We use study pages to help us inform and orient our diverse inquiries. Neither lessons nor assignments, study pages somewhat resemble good travel guides, ones that strengthen their users' agency in doing what they intend to do. Both travel guides and study guides help users make discerning choices for themselves. They provide information about what's where and notices about why people generally go to see this or that, what importance they have attached to it historically, esthetically, or in some register of fun and adventure. Like the traveler's guide book, study pages inform a student's choice, particularly the initial choices to attend first to this and not to that.
As we begin, study pages on A Place to Study are sparse and short for the simple reason that volunteers create A Place to Study and only a few have been doing so for a short time. We trust that the number and scope of study pages will increase, but they should remain in character study pages, neither syllabi nor packaged tours. On A Place to Study let's hold dear that quip, oft attributed to Cervantes, "the road is better than the inn." Study pages serve persons who are finding their own way, deciding on what roads they will take and making sense of their experiences along the way.
In working with study pages, we should develop guidelines that clearly differentiate them from encyclopedia entries. The two forms overlap to some degree, but the encyclopedia addresses the current state of knowledge about the materials it covers whereas the study page informs the choices a student will likely encounter in advancing self-formation and liberal learning by self-directed engagement with the topic. The two forms differ because each serves a different intent, to know something through the encyclopedia and to do something through the study pages. The latter intent seems vague because we have much less experience with it than we do with the intent of acquiring knowledge about something through an encyclopedia.
Let's start drafting and using study pages, developing our understanding of what will make them effective by continually reflecting our our experience with them. To start, we can group them under various headings such as persons, events, concepts, places, periods, and so on. What are we doing when we contemplate a work, achievement, or example of another in a self-formative way? What happens when we read or watch or hear something moving or meaningful when we do it freely, without ulterior purpose, autonomously? How can we support such experiences taking place?

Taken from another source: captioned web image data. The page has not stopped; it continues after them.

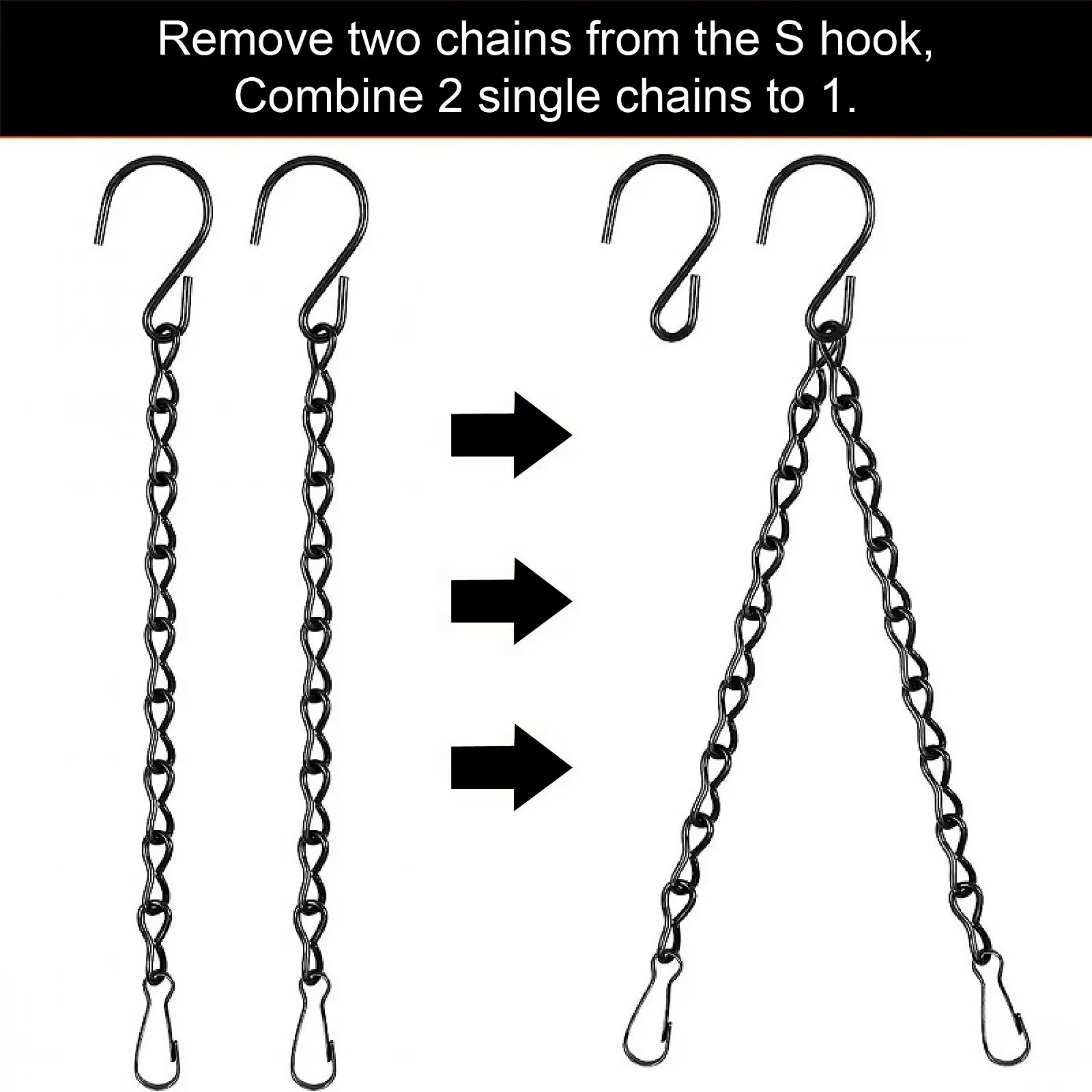 Ланцюжки для підвісних кошиків Металеві 24 см 2 шт. Чорні, фото №4 Ланцюжки для підвісних кошиків Металеві 24 см 2 шт. Чорні, фото №4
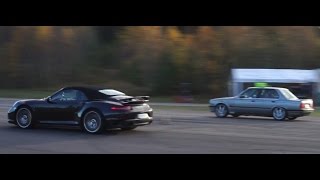 Porsche 991 Turbo S Convertible vs BMW 325iX E30 Turbo Sedan by Nisse Järnet [upl. by Anitap338]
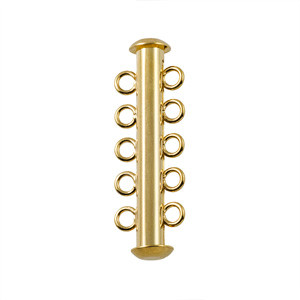Tube Clasp, Gold Plated, 5 Strand, 31x6mm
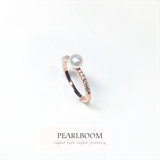 【pearlboom】微镶镀18K玫瑰真金 天然淡水珍珠5-6mm戒指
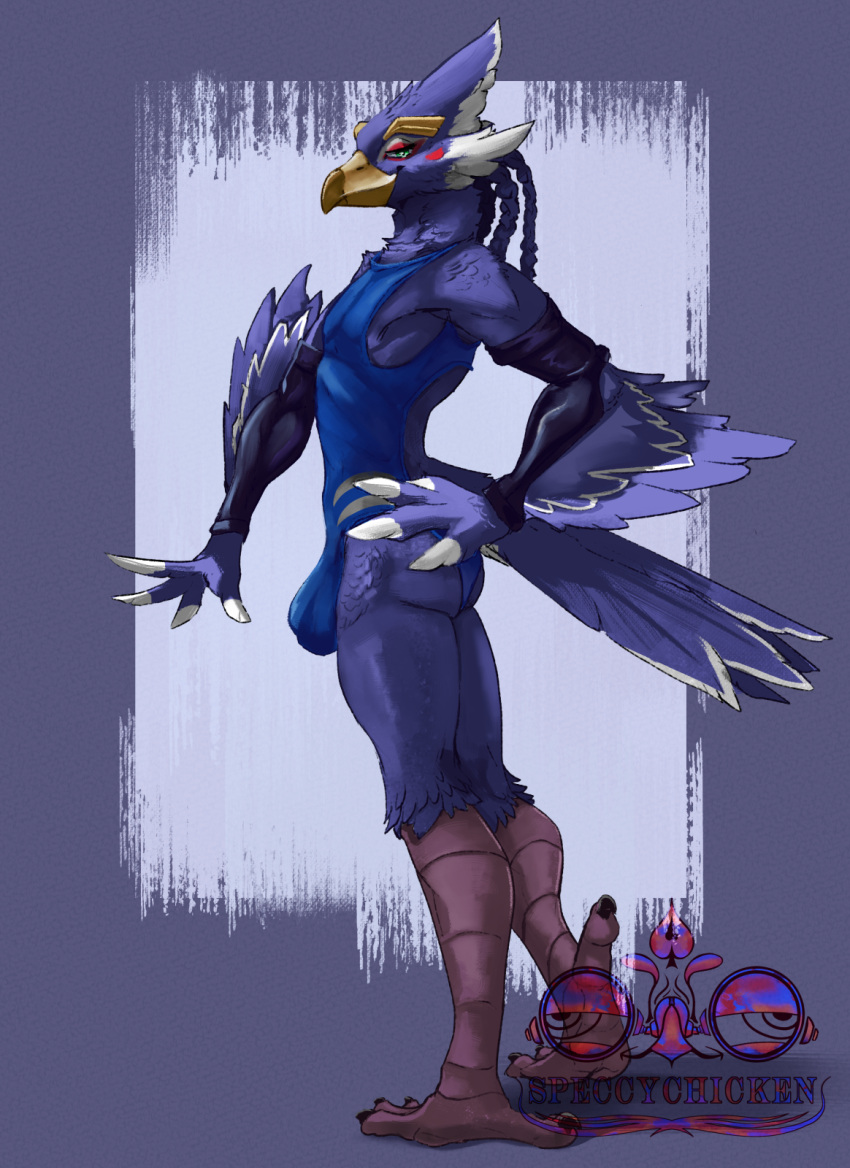 4_toes anisodactyl anthro armwear avian avian_feet beak bird blue_body blue_feathers breath_of_the_wild bulge claws clothing feathers feet hi_res male nintendo one-piece_swimsuit revali rito side_view smile solo speccychicken standing swimwear tail_feathers the_legend_of_zelda toes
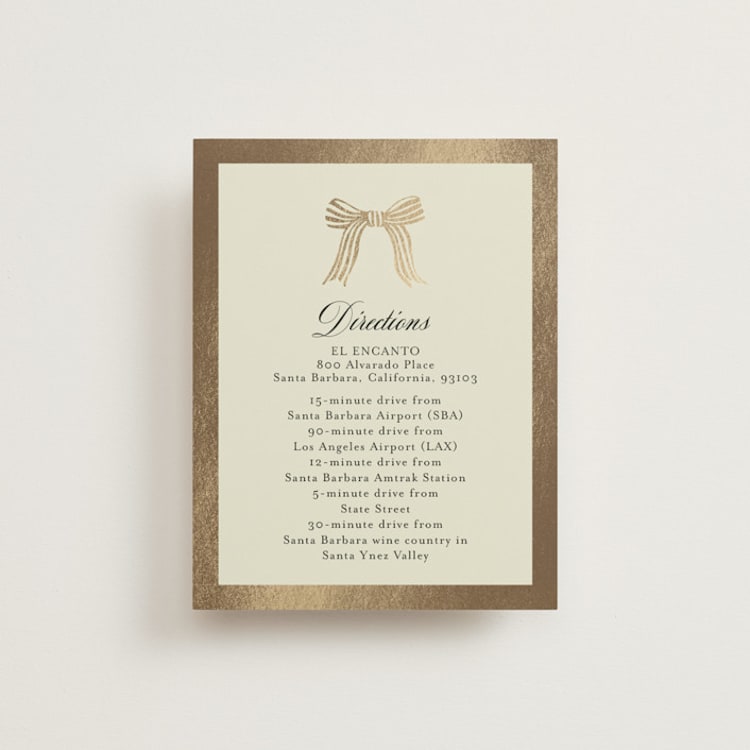 "All Tied Up" - Direction Cards in Champagne by Chris Griffith - Front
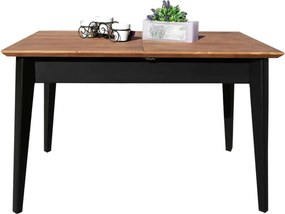 Masă lemn masiv Dining Extensibilă Timeless 120/ Negru, 160 × 80 × 76 cm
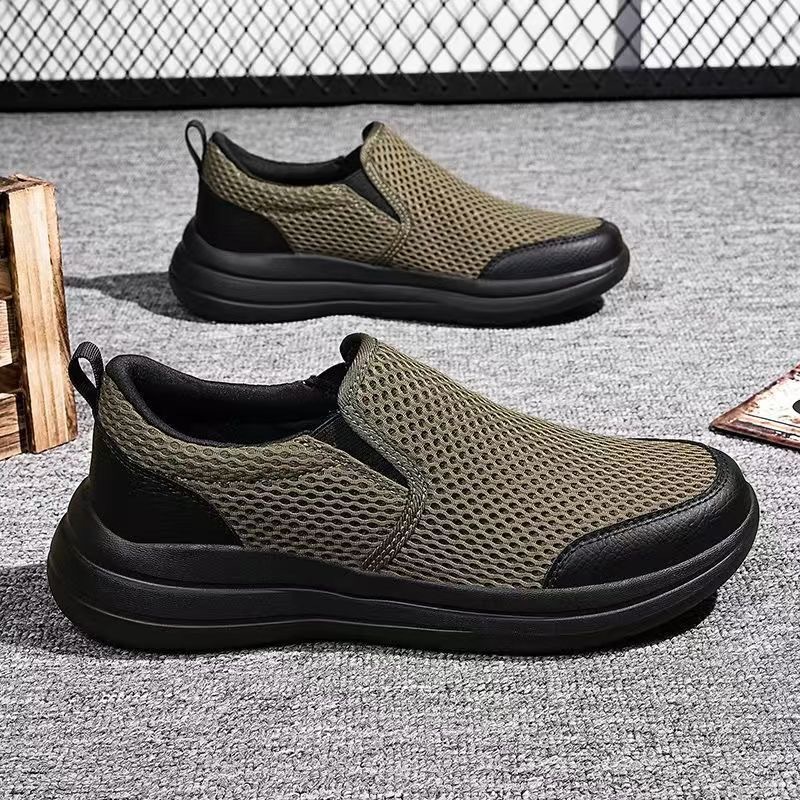 Zapatos casuales de estilo deportivo para hombre, nuevos zapatos de malla transpirables para hombre, zapatos de calzado de un pie, zapatos de caminar ligeros y cómodos para hombre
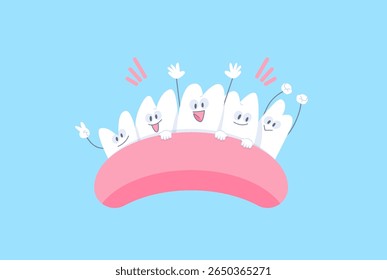Dentes bonitos amigável gangue em gomas ilustração desenho de vetor de desenhos animados. Conceito de tratamento dentário.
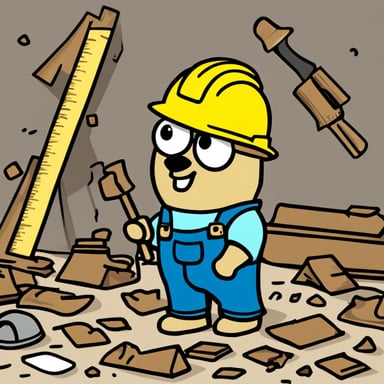 A go blue gopher, dressed as a construction worker, donned in a yellow hardhat and a toolbelt around its waist, holds a clipboard while standing amidst random bits of debris scattered on the floor.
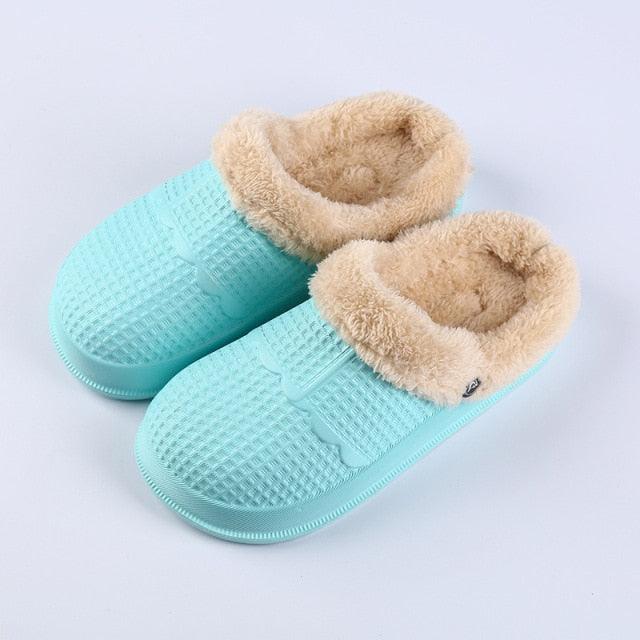 Winter Women's Slippers Warm Clogs Sandals Waterproof Slippers For Women Waterproof Slippers Fur Lined Clogs Winter Garden Shoes Warm House Family Women Shoes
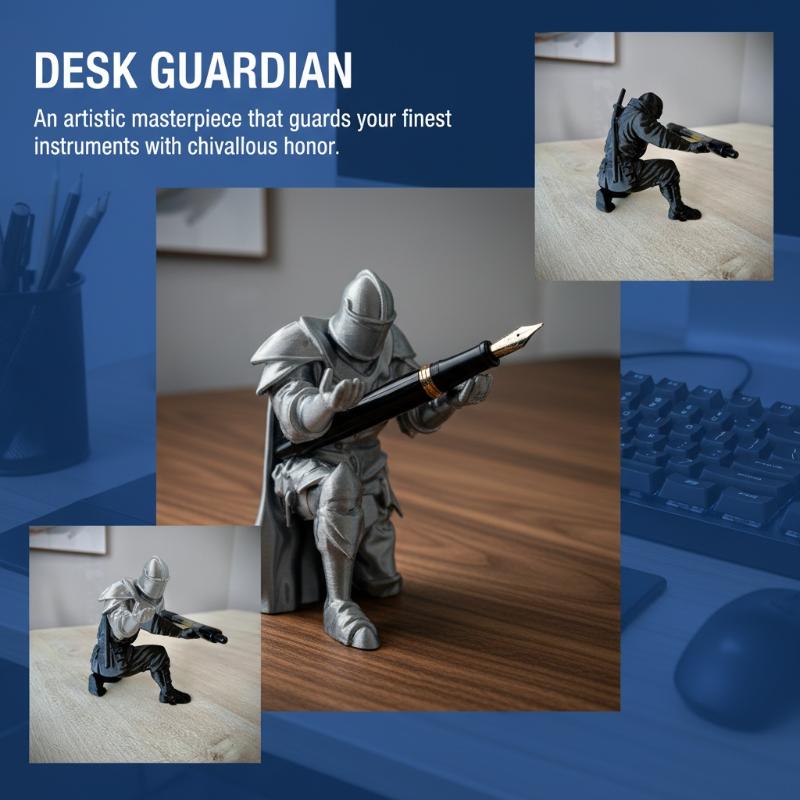Knight Pen Holder Resin Mediev - đánh giá và giá Desk Setup Home Office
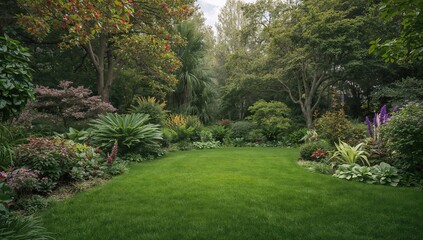 Obraz premium Lush green backyard featuring cicak amidst flowering plants, ideal for seasonal relaxation
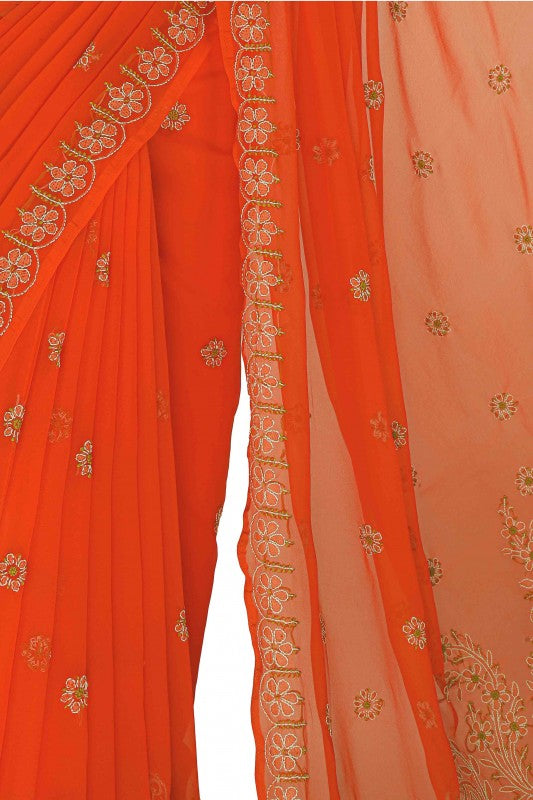 Ada Hand Embroidered Salamander Orange Georgette Lucknowi Chikankari Saree with Blouse A284586
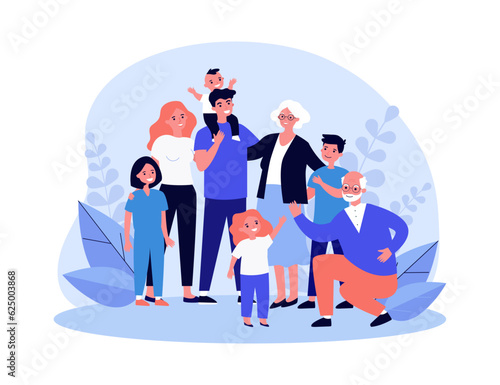 Big family of different generations vector illustration. Drawing or portrait of happy children, parents, grandparents standing together. Family, communication, love, connection, relationship concept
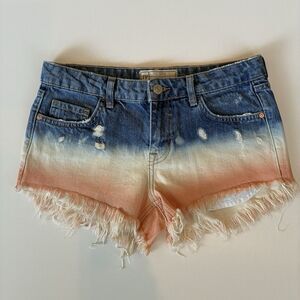 Free People Distressed Cut Off Ombré Jean Shorts Booty Festival Boho Dyed Sz 24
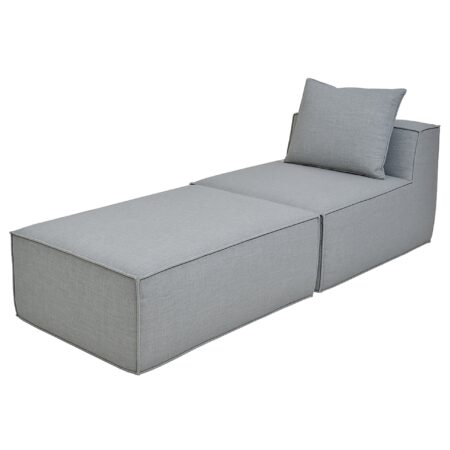 Chaiselongue Ottomane Recamiere Stoff 63x75x194cm hellgrau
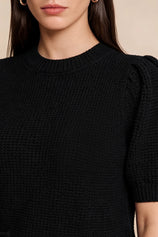 Womens Black Puff Short Sleeve Sweaters Tops | CicyBell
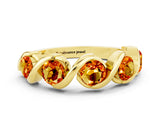 Yellow gold Round Citrine Wave Band with Channel Setting and Shared Prongs_6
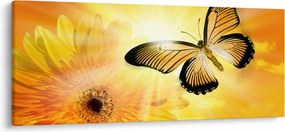 Tablou - Fluture galben cu flori (120x50 cm)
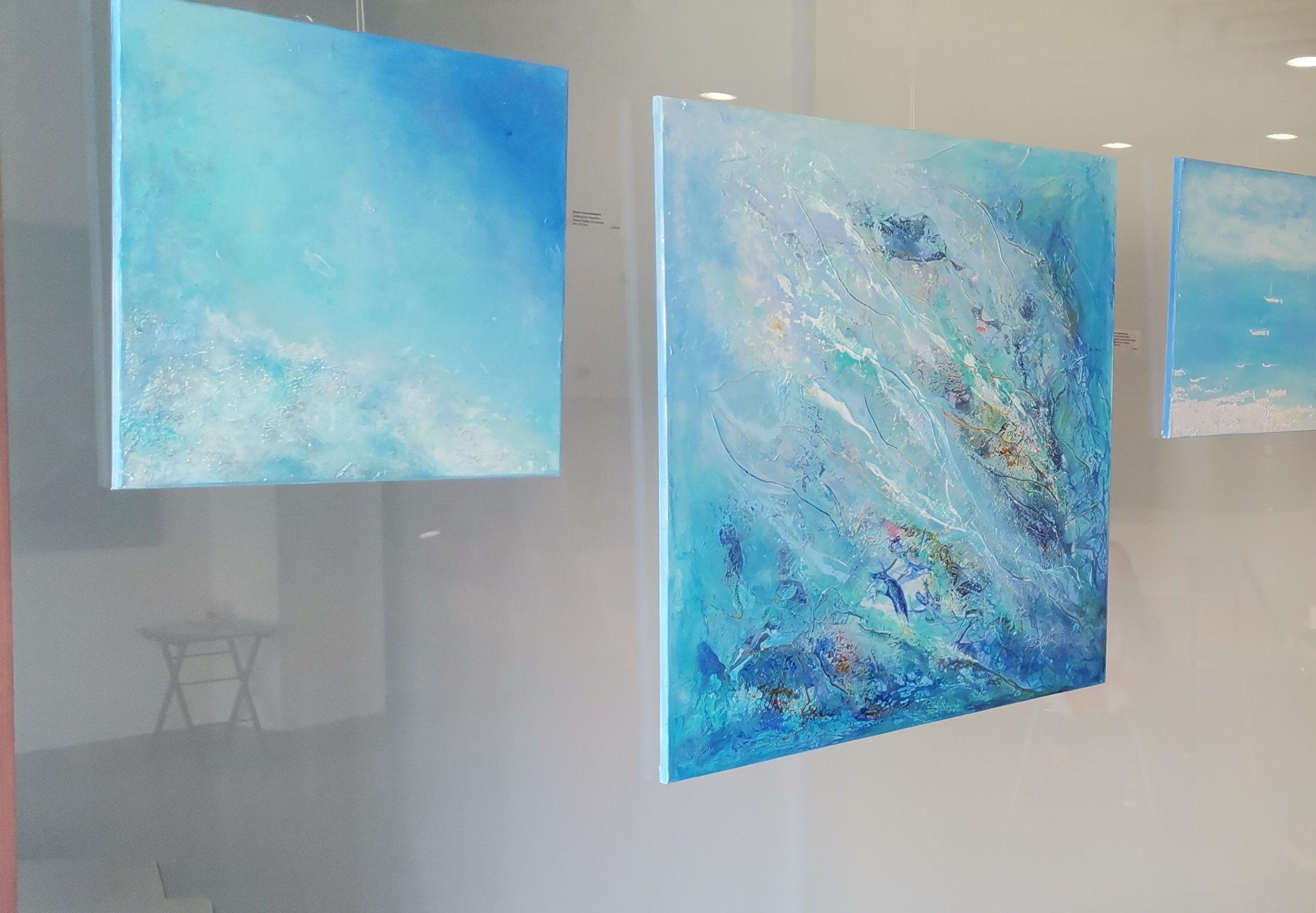 Flowing into the depth, Gemälde, Acryl auf Leinwand (Abstrakt), Painting, von Doris Duschelbauer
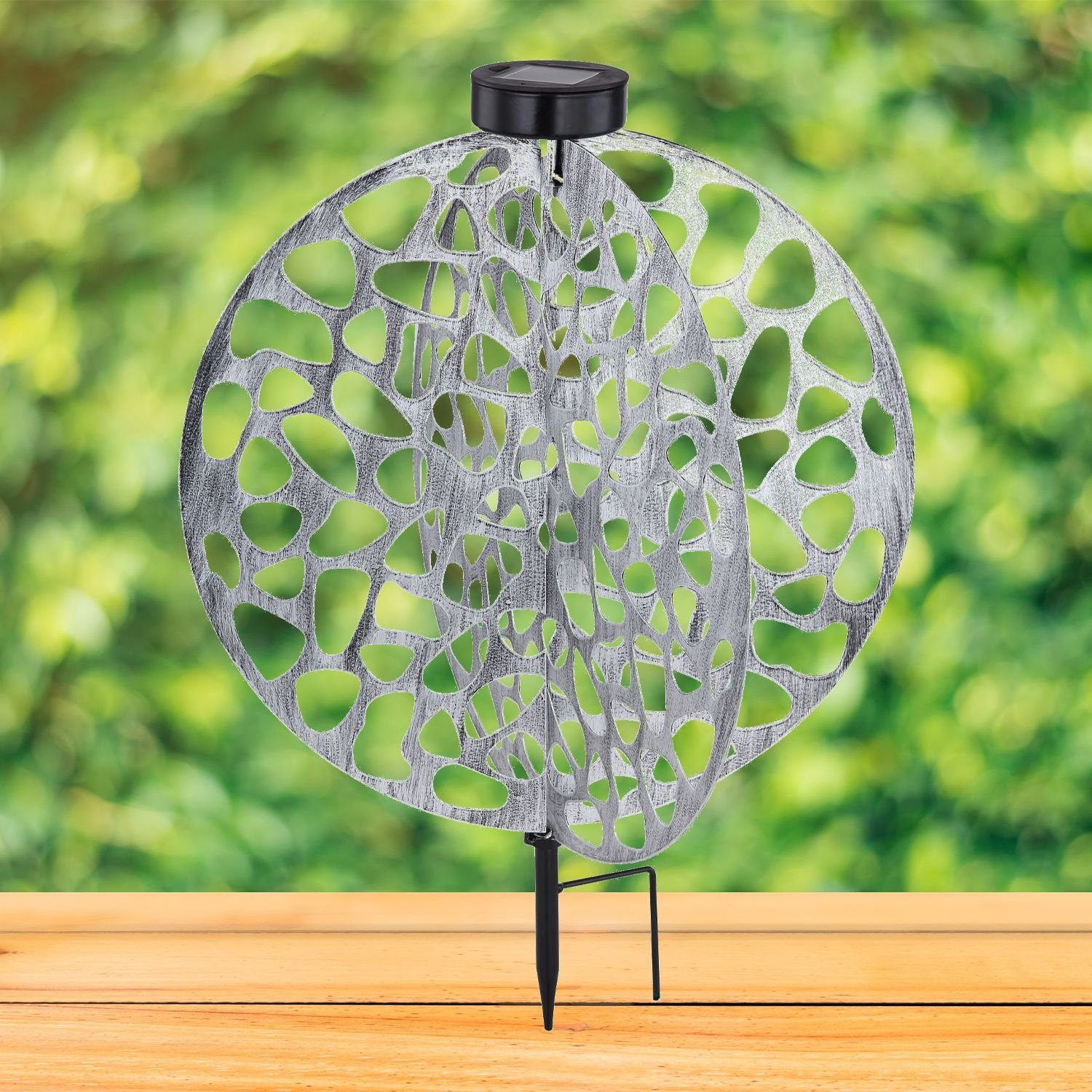 bmf-versand LED Solarleuchte Solarleuchte Garten Scheibe Rund Solarlampe Außen Leuchte Solar mit, Pflegetuch, Außenbeleuchtung, LED fest integriert, warmweiß, Gartenleuchte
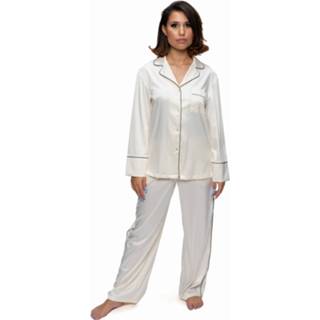👉 Satijnen pyjama knoopsluiting vrouwen creme Dorina - Regardless 4894728280471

Let's hypothesize that throughout historical time and across cultures many creative persons wanted to communicate to other persons through the work they crafted things that each had found meaningful in their self-formation and liberal learning. For instance, perhaps Michel de Montaigne did not write his essay, "De l'institution des enfans," to propound his pedagogical principles as they might be applied in educational praxis, but rather to communicate to Madame Diane de Foix, Contesse de Gutson, and others like her, the range of what would come to his mind when he thought freely and considered self-formation in the context de l'institution des enfans. Let's try during summer 2021 [now winter 2022] to organize a small working group to study Montaigne's essay as if he wrote it with this intent, taking all the matters to which he refers, not as digressive ornament, but as integral to the cumulative substance of what he wanted to bring to mind.
- ↑ Christopher Hill. Milton and the English Reolution (New York: The Viking Press, 1977) p. 5.
- ↑ I leave Montaigne's title of the essay in his French to suggest that we might open up its potential meanings as part of our hypothesis. He could have written de l'éducation, or de l'instruction, or de l'enseignement, but chose de l'institution, which now primarily means an institution or establishment, but certainly in the 16th century and on into the 19th, it meant not only the organization (e.g. the Royal Institution of Great Britain), but the process of establishing or instituting something. Let's study Montaigne's essay, De l'institution des enfans", as if it is an essay about the process by which children form, and let's do so as part of our instituting A Place to Study.